Brian paid for the hat and stuffed it into his pocket. “I’ll have a few officers down to collect the CCTV later. That okay?”
Winston nodded. Smiled, this time hiding his yellow teeth. “Anything that can help.”
Brian walked towards the light of the door, desperate for a bit of heat on his cool skin once again. A few minutes stood in here had made him feel like he’d spent a lifetime away from daylight.
“I’m not my uncle, officer.”
Brian stopped by the door. Turned around. Winston stared back at him, wide-eyed, scratching at his arms.
“What do you mean?”
Winston shook his head. Smiled again. “He was an ungodly twat. I’m not like him.”
Brian didn’t respond to Winston. He turned around and stepped across the remaining creaky floorboards and pulled open the heavy door.
As it slammed shut behind him, pink hat in his possession, Brian couldn’t get the thought of Winston’s wide, piercing eyes out of his mind.
Chapter Ten
Brian sat at his desk later that day entering in all the information—or distinct lack of information—he’d managed to acquire on the first full day of investigation.
Sweat dribbled down his forehead as he keyed in meaningless bit of info after meaningless bit of info. His stomach growled. He could smell the delicious greasy fumes from a hot dog stand drifting in through the window. It’d turned out another stunning late spring day in Preston, and here he was stuck inside an office with wet sweat patches under his armpits. This was not like the Senior Investigating Officers of the movies.
As he inputted some records from the HtoH searches, the pink fluffy hat that he’d found in African Connection caught his eye on the edge of his desk. He reached over for it once again. Rubbed his hands against the soft fabric. Winston Moya’s aunt knitted these. They were the only pink hats of their kind in the world because that woman—that co-owner of African Connection—had knitted them herself. Winston Moya said he couldn’t remember the last time he’d sold one.

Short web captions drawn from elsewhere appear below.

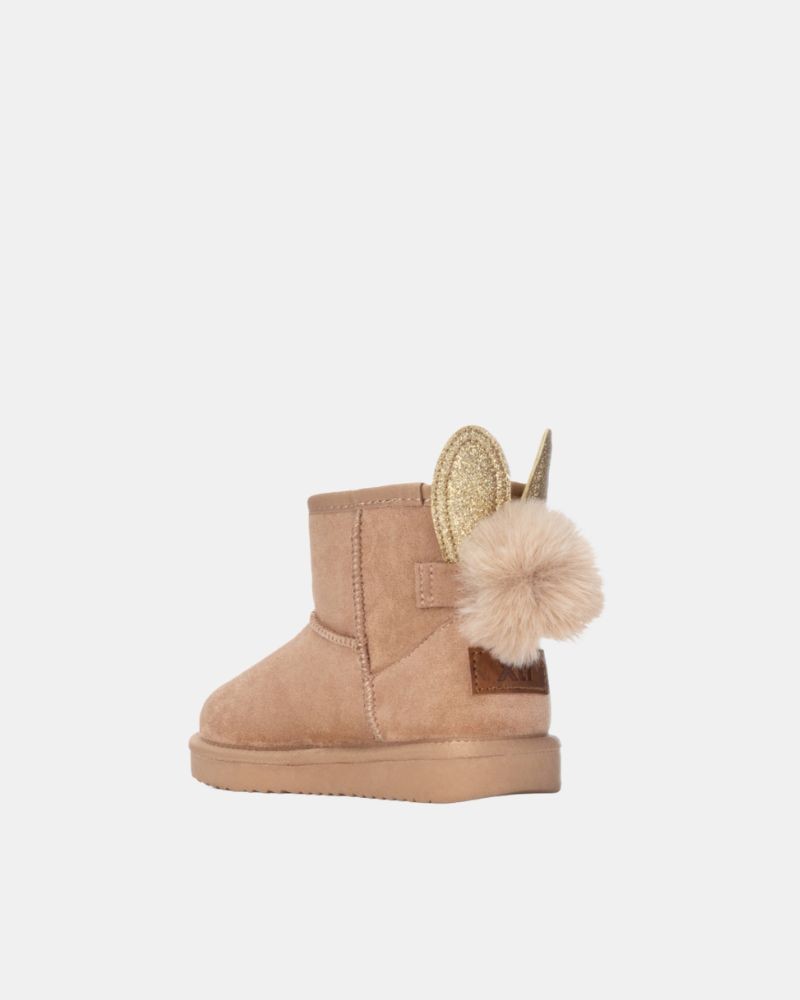 Botins infantis baixos com pelo estilo australiano XTI bege 154022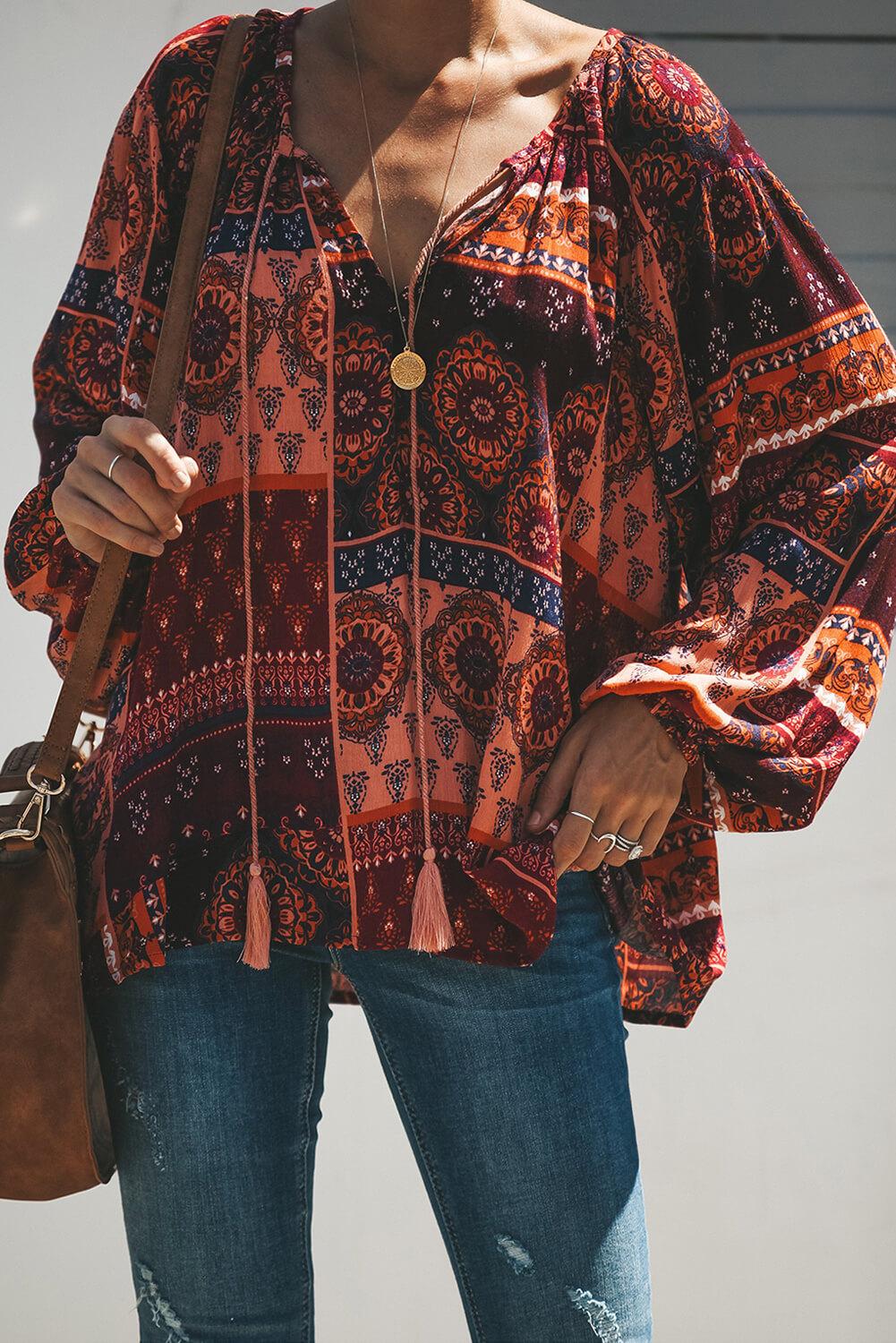 Multicolor Floral Print Peasant Blouse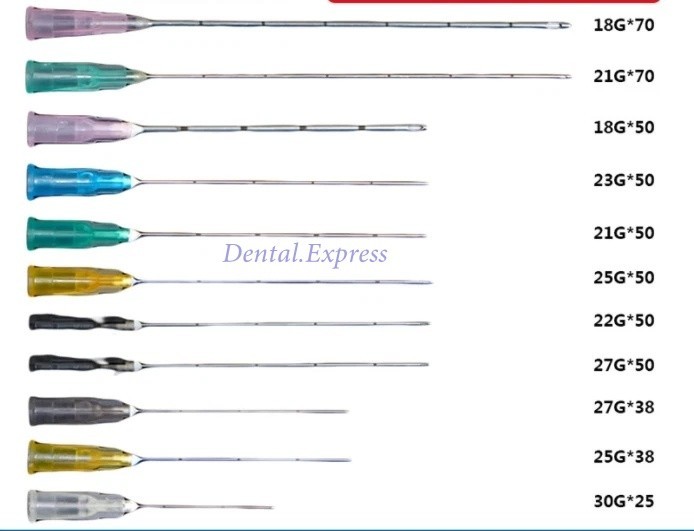 50Pcs Flexible Micro Cannula 18g/22g/23g/25g/27g/30g 38/50/70/100mm Blunt Filler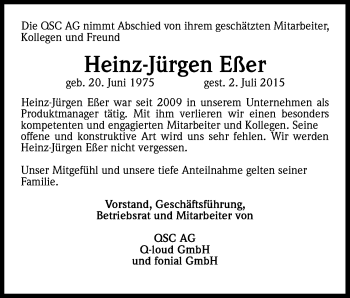 Anzeige von Heinz-Jürgen Eßer von Kölner Stadt-Anzeiger / Kölnische Rundschau / Express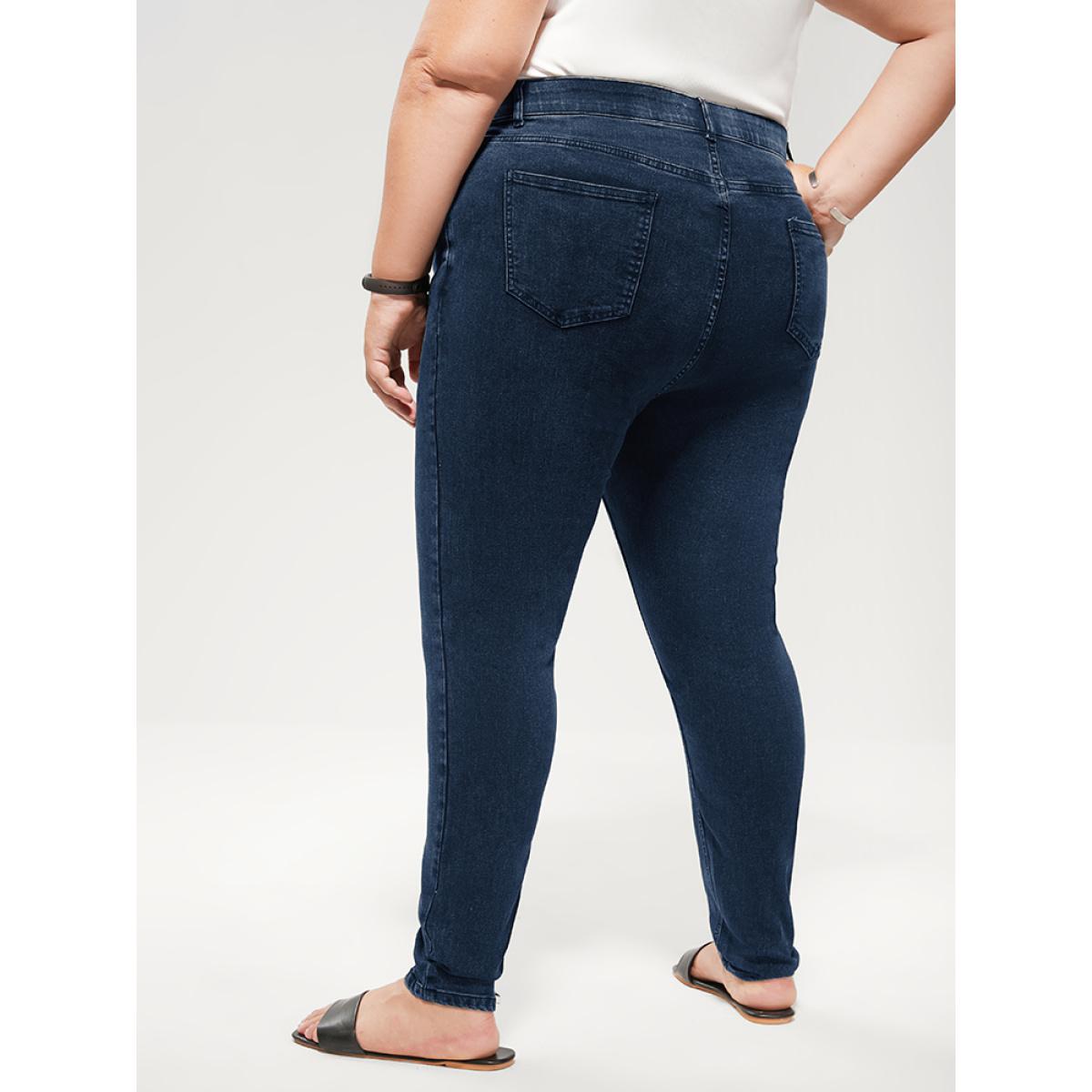 Plus Size Skinny Very Stretchy Mid Rise Dark Wash Gap Proof Jeans Women DarkBlue Office Plain Gap-proof High stretch Pocket Jeans BloomChic 30/6X Product Image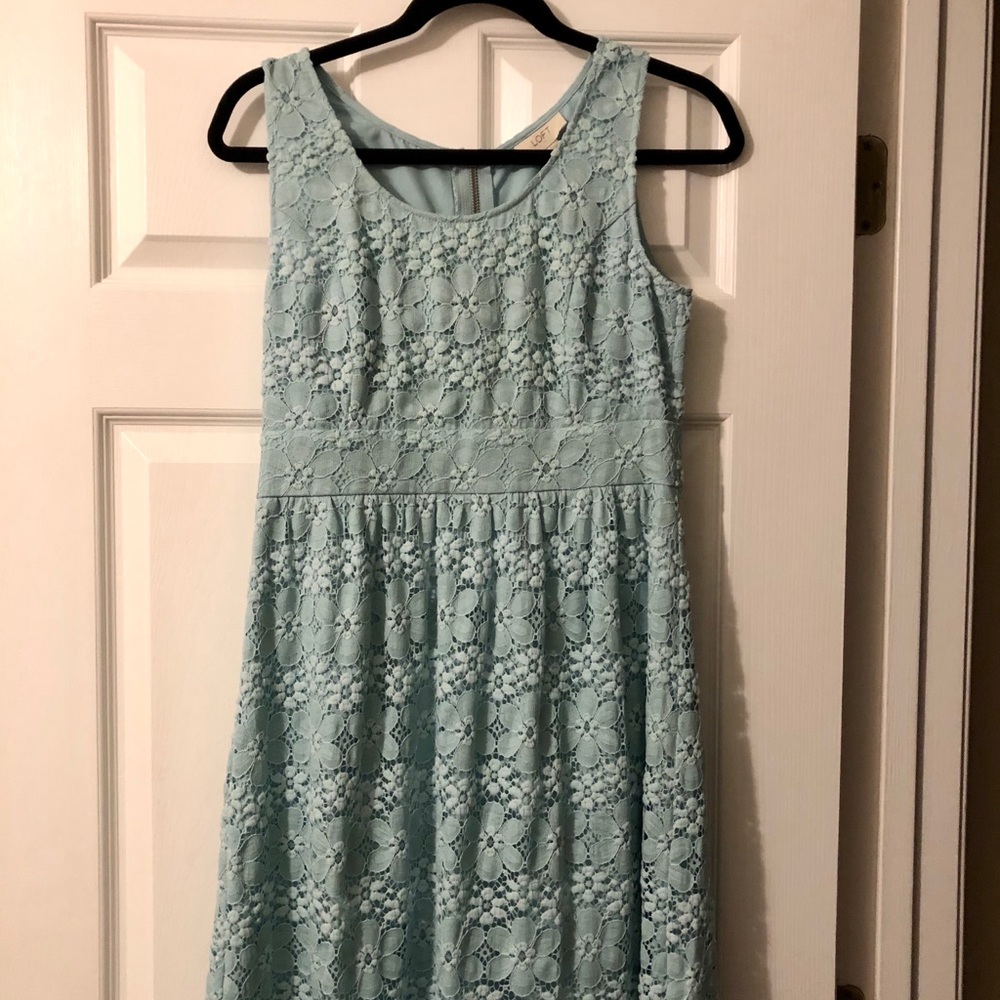 Loft Light Blue Lace Dress - Size 2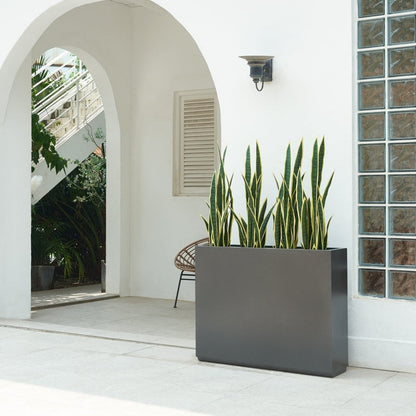 Grand bac à plantes métallique pour plantes d'extérieur, 96,5 cm de long x 25,4 cm de large x 76,2 cm de haut - Bac à plantes séparateur en métal - 96,5x76,2x25,4 cm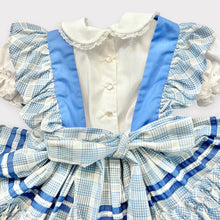Load image into Gallery viewer, Vintage 1950-60s Circle Apron Dress Blue Plaids Approx 5-6 (105-120cm)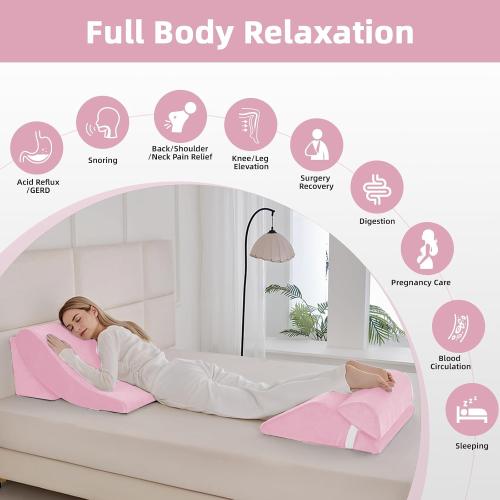 Wedge Pillow Set for After Surgery,Pink,5PCS-23.2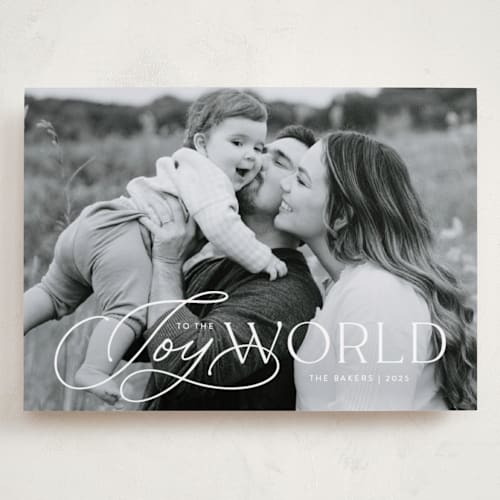 This is a snow holiday photo cards with standard by Michelle Taylor called joy mix printing on recycled smooth signature in grand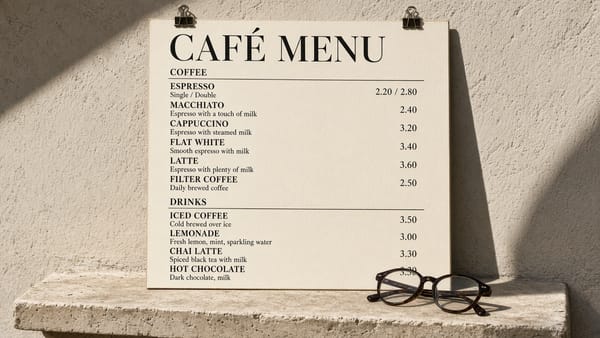 A large-print cream cafe menu in harsh midday sun, reading glasses on the stone ledge.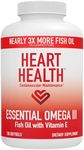 Heart Health Essential Omega 3 Fish Oil with Vitamin E. Helps maintain normal cholesterol levels, healthy blood pressure, promotes joint health. Non-GMO, gluten free. By Market America (120 Soft Gels)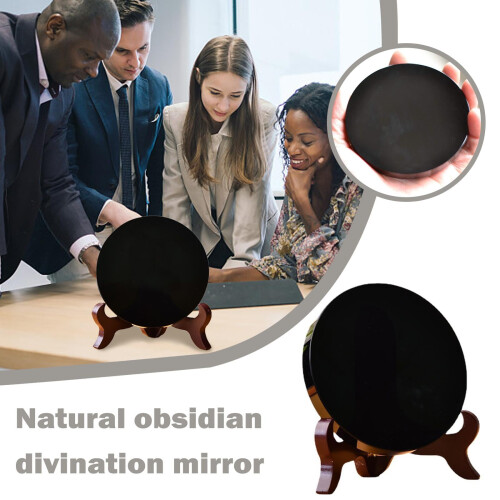 Natural Black Obsidian Scrying Mirror Round Stone with Shelf 1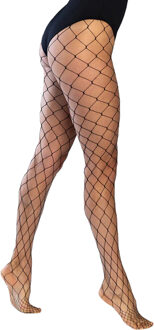 Boland Fishnet panty grof - zwart - dames - maat M/L - carnaval - foute party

But that look in his eyes. That reference to his “uncle”. What was he talking about?
Brian felt a twinge in his chest. A sudden, sharp twinge, which sent a bout of heat right up his cheeks.
Fuck. Not this. Not again.
He coughed. Looked around the office, which was relatively quiet, just to make sure nobody was looking at him. He coughed again. Caught a metallic taste in his mouth. A sweetness in his nostrils.
His head ached. His chest continued to twinge.
He stared up at the white ceiling. Stared up and took a few shaky deep breaths.
Come on, Brian. You’re alright. You’re just warm. You’re—
“Someone’s looking a bit hot under the collar.”